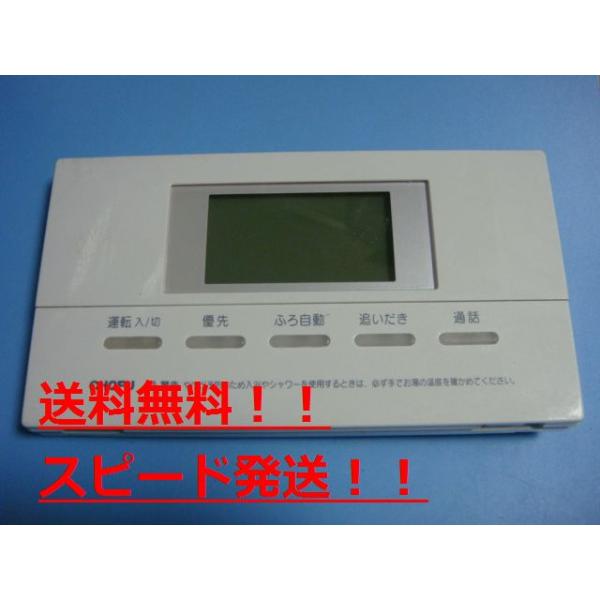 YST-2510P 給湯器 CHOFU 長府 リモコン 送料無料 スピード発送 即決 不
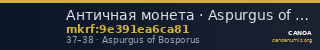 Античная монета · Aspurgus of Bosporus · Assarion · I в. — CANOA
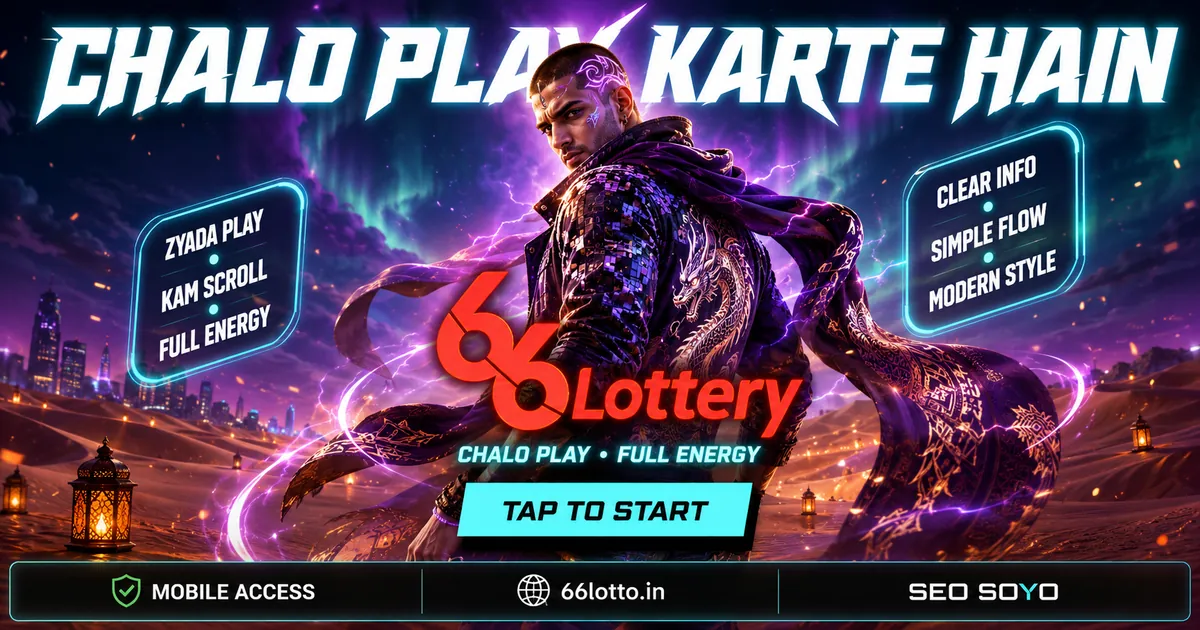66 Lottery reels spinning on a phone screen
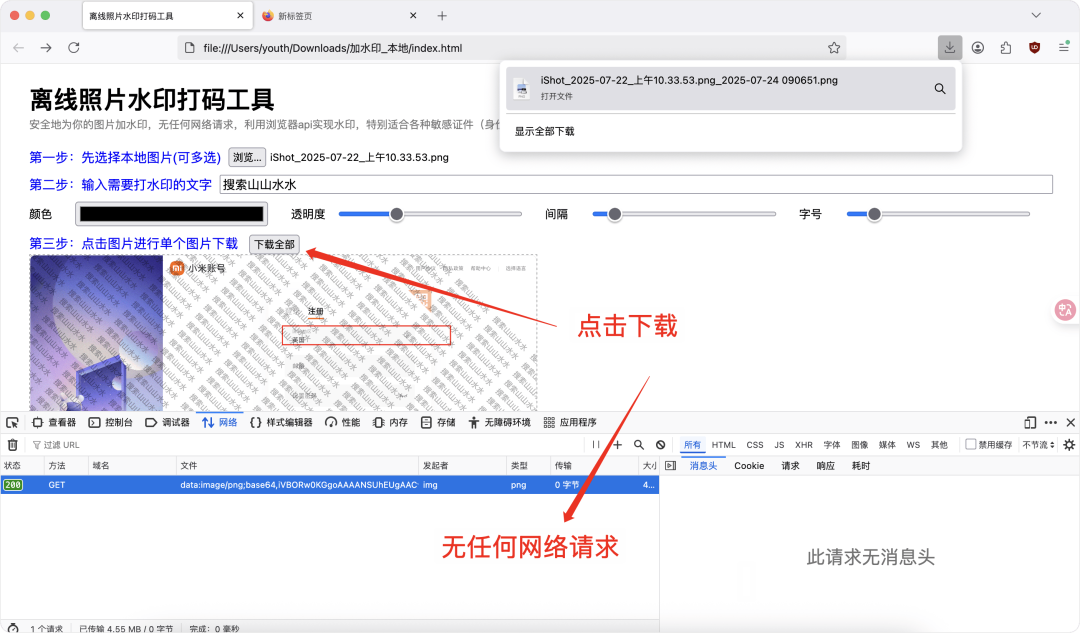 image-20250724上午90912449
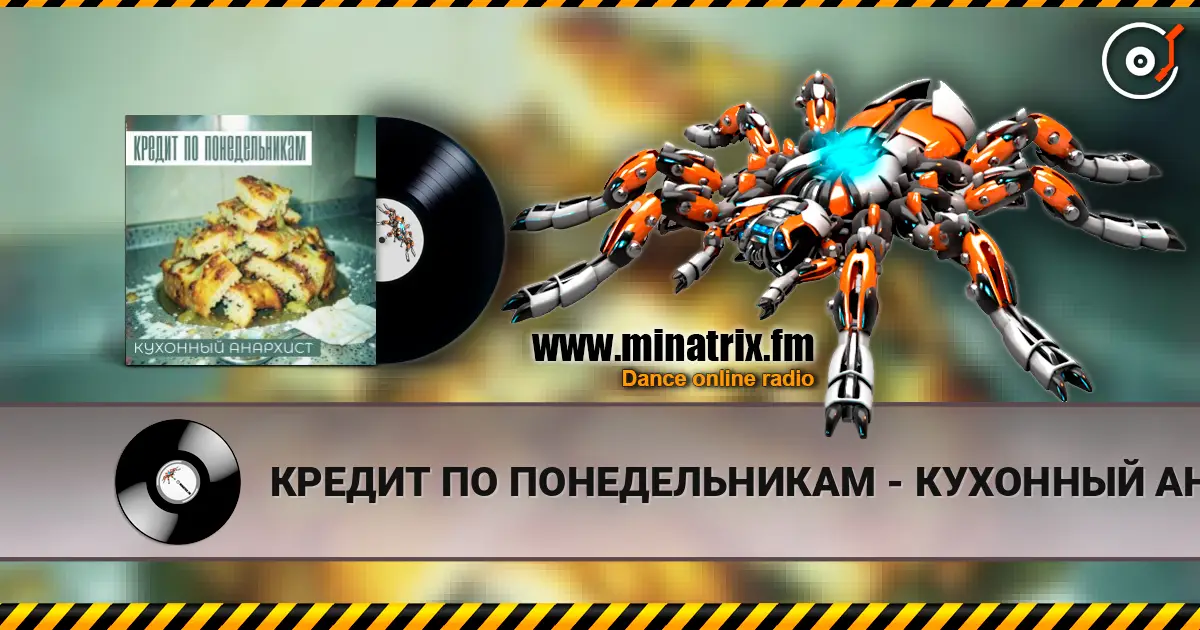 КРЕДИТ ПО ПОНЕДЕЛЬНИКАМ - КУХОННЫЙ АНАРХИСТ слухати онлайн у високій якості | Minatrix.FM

* * * *

- Task statement -
Without including any pictures, print all of the material exactly as given.

- Worked solution -
 YST-2510P 給湯器 CHOFU 長府 リモコン 送料無料 スピード発送 即決 不
 Античная монета · Aspurgus of Bosporus · Assarion · I в. — CANOA
66 Lottery reels spinning on a phone screen
 image-20250724上午90912449
 КРЕДИТ ПО ПОНЕДЕЛЬНИКАМ - КУХОННЫЙ АНАРХИСТ слухати онлайн у високій якості | Minatrix.FM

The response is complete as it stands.